Colombia: new loss driven by expansion of large-scale agriculture

Tree cover loss in Colombia rose dramatically since 2015, with loss in 2018 more than 2.5 times the historical average between 2001 and 2015. The reason: a distinct wave of new commodity-driven deforestation, combined with expanding small-scale agriculture, is gobbling away at the primary forest frontier. The updated drivers model aligns with recent reports that deforestation for commodity production is underway along new frontiers— mainly related to illegal land grabbing for pastureland to raise beef cattle. Weekly deforestation alerts for 2019 and early 2020 pick up where GFW’s annual loss data end, showing continued deforestation into the northwest Colombian Amazon between Tinigua, La Macarena and Chiribiquete national parks; the western sector of the Chiribiquete park expansion zone; and the northwestern segment of Nukak National Natural Reserve.

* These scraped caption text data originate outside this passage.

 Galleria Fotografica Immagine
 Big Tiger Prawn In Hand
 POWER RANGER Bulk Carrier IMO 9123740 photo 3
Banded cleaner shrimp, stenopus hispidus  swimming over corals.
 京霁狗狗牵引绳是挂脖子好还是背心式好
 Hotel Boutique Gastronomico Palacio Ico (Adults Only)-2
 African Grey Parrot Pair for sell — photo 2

Driver of Tree Cover Loss Colombia

Western North America: Surge in fire-driven loss

Across North America, wildfire was the dominant driver associated with more than 5.2 million hectares of tree cover loss between 2016 and 2018. California had two record breaking fire seasons in 2017 and 2018, leading to 144 deaths as well as extensive property damage in California wine country. The updated drivers model picked up the 2018 Mendocino Fire Complex, including the Ranch River fires, which caused massive tree cover loss north of San Francisco.

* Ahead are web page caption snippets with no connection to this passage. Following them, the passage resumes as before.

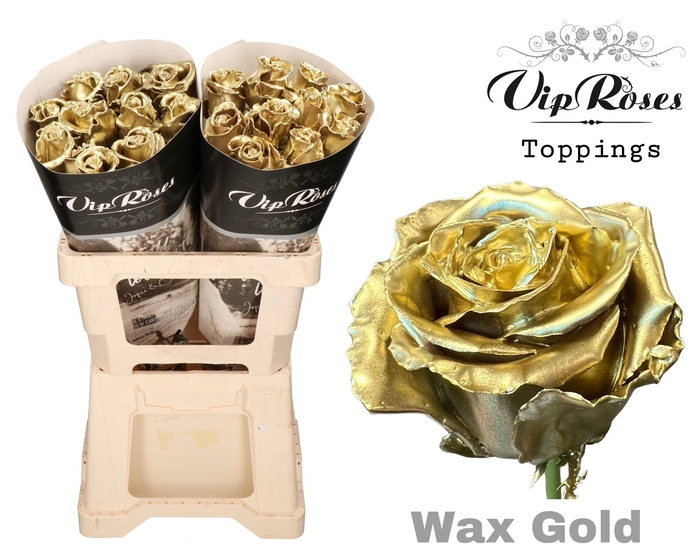 <h4>R GR WAX GOLD (60CM)</h4>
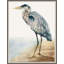 Water Bird 2 Print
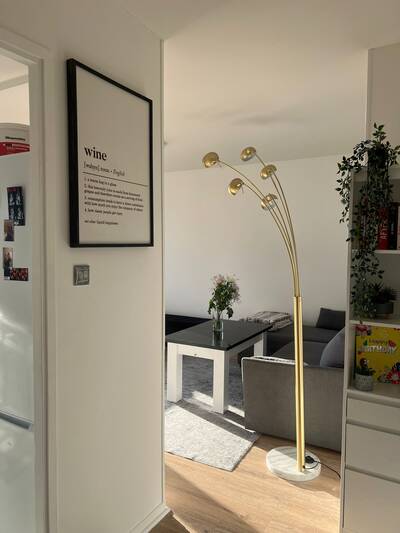 Location chambre en colocation 3 pièces Villeurbanne (69100)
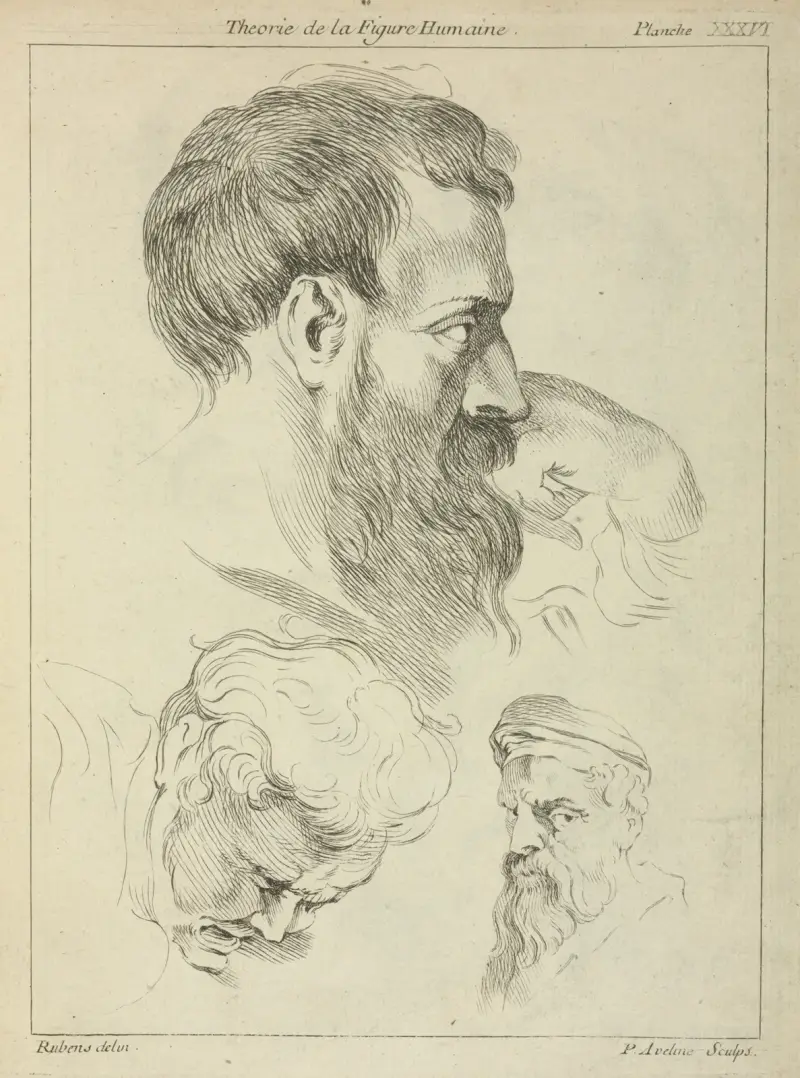 Three studies of men’s heads av Peter Paul Rubens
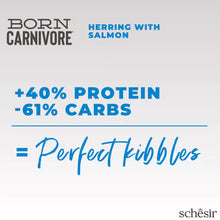Load image into Gallery viewer, SCHESIR BORN CARNIVORE - HERRING WITH SALMON
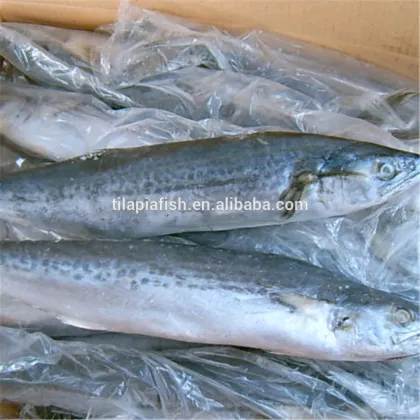 Frozen Scomberomorini for sale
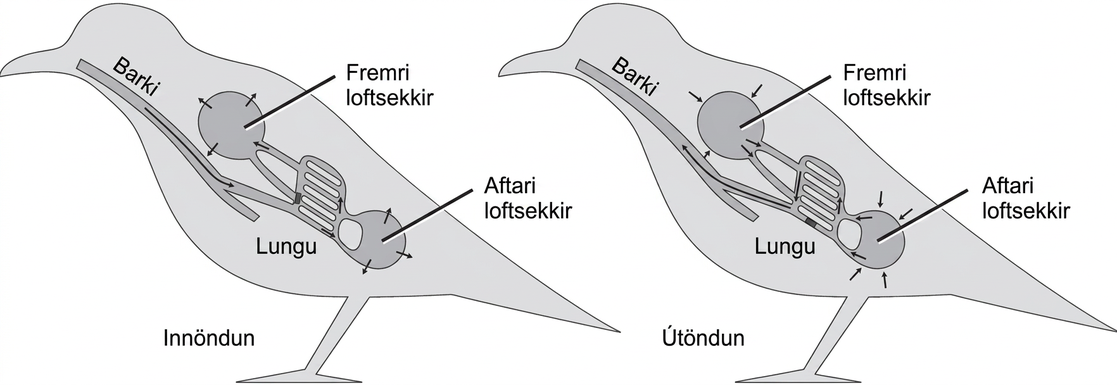 The illustration shows the direction of airflow in both inhalation and exhalation in birds. During inhalation, air passes from the beak down the trachea to the posterior air sac located behind the lungs. From the posterior air sac, air enters the lungs, and the anterior air sac in front of the lungs. Air from both air sacs also enters hollows in bones. During exhalation air from hollows in the bones enters the air sacs, then the lungs, then the trachea, where it exits through the beak.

Meanwhile, in British Columbia, some areas classified by the original model as forestry “flipped” to wildfires in the update. During forest management, foresters often administer prescribed burns of the stumps and debris left on the forest floor after harvest. This is done to prepare the land for the next planting cycle. Since many of these areas occur within logging concessions, we presume these post-harvest practices caused the change from forestry to wildfire. In the next round of updates, the wildfire class will almost certainly pick up forests burned in the recent and dramatic Australian brushfires.

Thailand: Agriculture intensifies in the North

In many tropical regions, traditional shifting cultivation systems are the main form of agricultural production. Short cultivation periods of a diverse mix of crops are interspersed with longer phases of forest recovery and regeneration, which allow nutrients in the soil to replenish. Increasingly, these agricultural systems are being replaced by more intensive and permanent production of cash crops to feed hungry supply chains, and fallow periods of forest recovery are getting shorter. In the mountainous Chiang Mai region of Northern Thailand, more and more areas historically used for subsistence agriculture are transitioning to crops such as corn, which feeds the region’s growing livestock industry. This land use dynamic shows up as a shift from yellow shifting agriculture to red commodity-driven deforestation cells in the updated drivers model through 2018.

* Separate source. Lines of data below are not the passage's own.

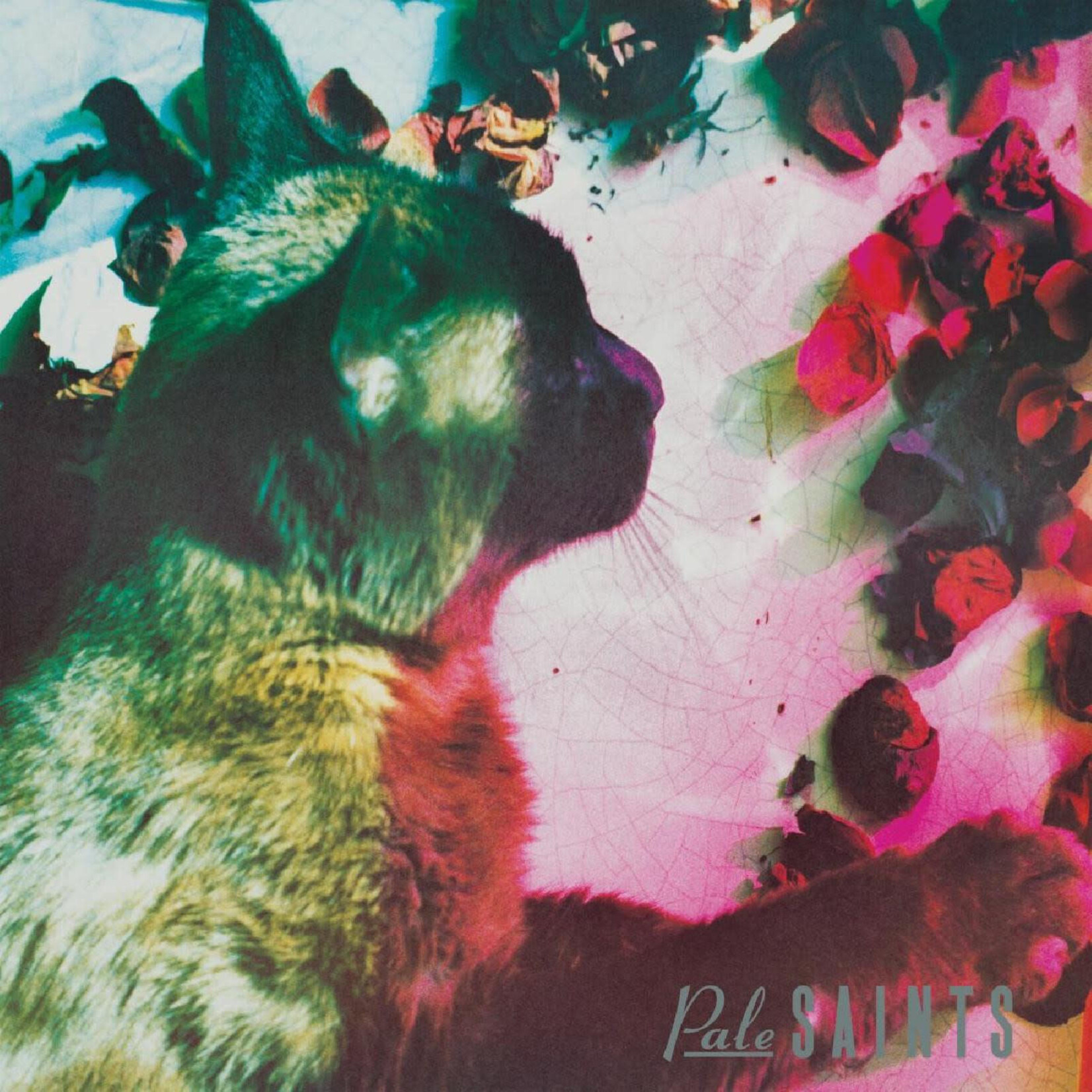 Pale Saints - The Comforts of Madness (30th Anniversary Reissue) - Vinyl LP (NEW)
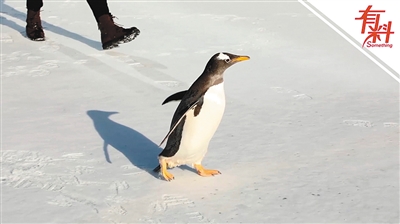 企鹅初次见雪充满好奇 雪地"撒欢"留下足迹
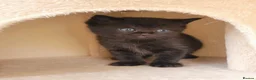 Scottish Fold cats for sale: Beautiful and healthy  Scottish fold mixed - Advert 3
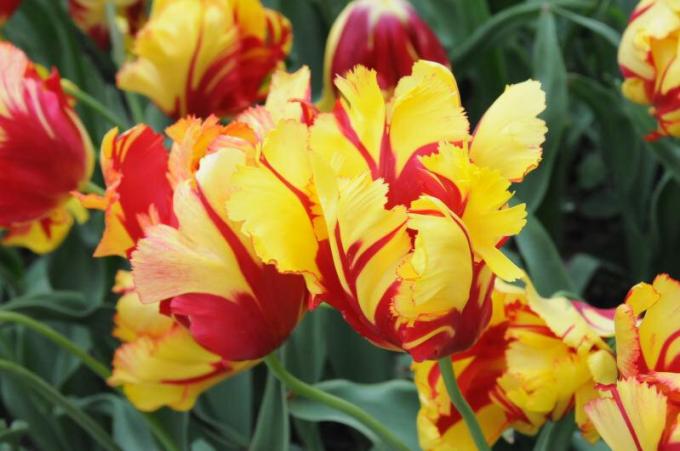 fleurs tulipe perroquet lumineux, qualité Texas flamme. Photo de: stroy-podskazka.ru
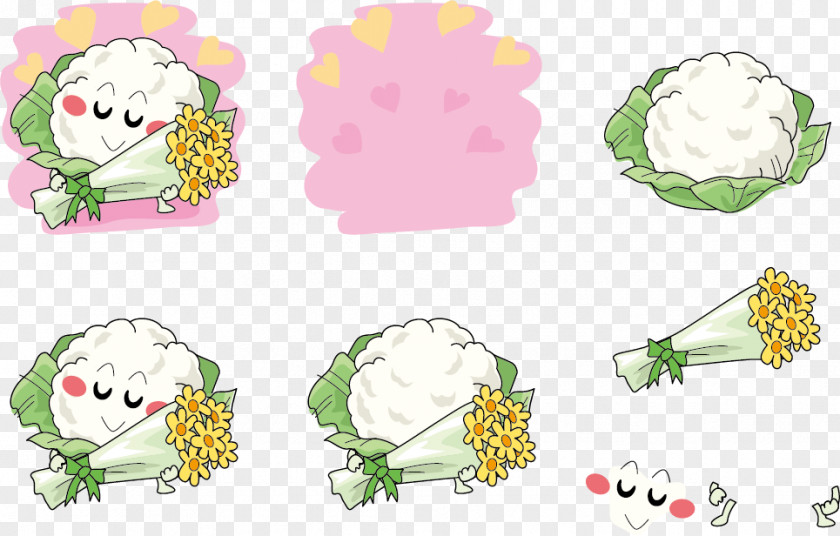 Cauliflower Expression Vector Holding A Flower Floral Design Illustration PNG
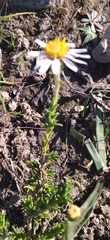Felicia canaliculata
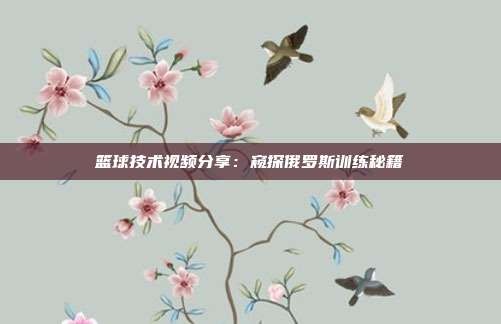 篮球技术视频<a target=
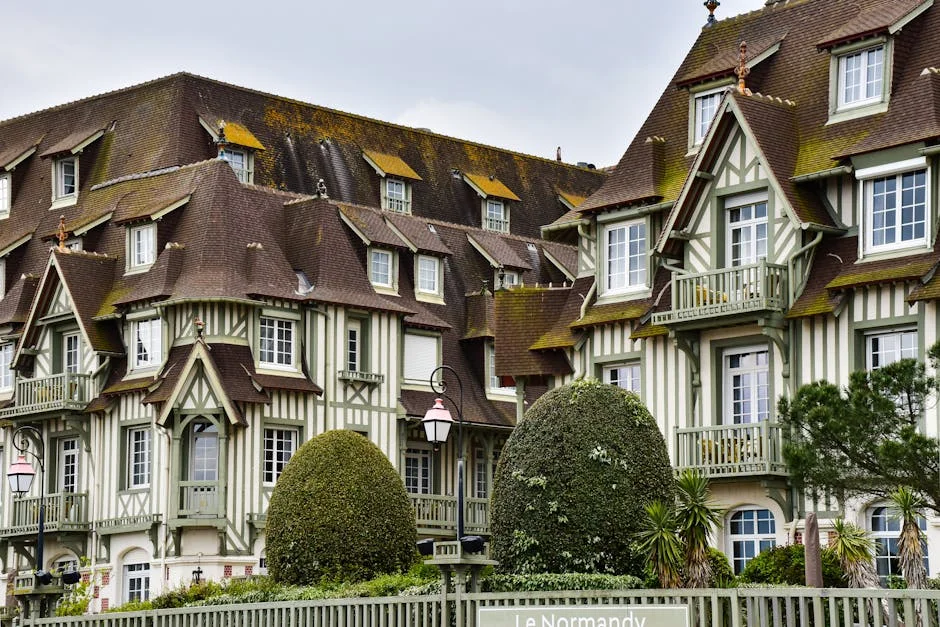 Le Normand warns Tottenham's schedule strains players — here's why it matters — Economy Business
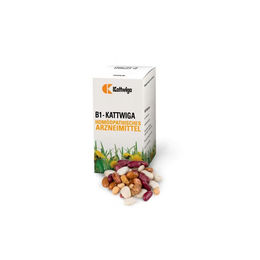 Kattwiga B1 Tabletten für Erwachsene, Schwangere und Stillende, 100 Stück – Bild 1 von 1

Drivers of tree cover loss

Moving Forward: Sharpening the Picture

This model, although updated and refined, provides us with a relatively coarse understanding of what drives tree cover loss around the world. Each cell on the map is roughly the size of 10,000 soccer fields. Within each cell, multiple dynamics could be at play on a much finer scale.

In addition, there are more causes of tree cover loss than the five outlined in this model. As a result, certain drivers that weren’t included in the model, like hurricanes or other natural disasters, are mis-classified under the heading of shifting agriculture— as was the case in Puerto Rico after Hurricane Maria in 2018. The two wildfire examples above also show that the model cannot distinguish between human-caused vs. truly “wild” wildfires. Local knowledge is required to understand the detailed complexity of reality.

Regardless, thematic maps like the one generated by the drivers model can paint a broad picture of the global patterns of forest loss and draw attention to different areas that need different types of interventions. The drivers data is already being utilized by The Sustainability Consortium’s Commodity Mapping Platform to help companies understand the impacts of their global supply chains. As new techniques in computer vision and artificial intelligence develop, we will refine the model and advance our understanding not just of where forests are falling, but why.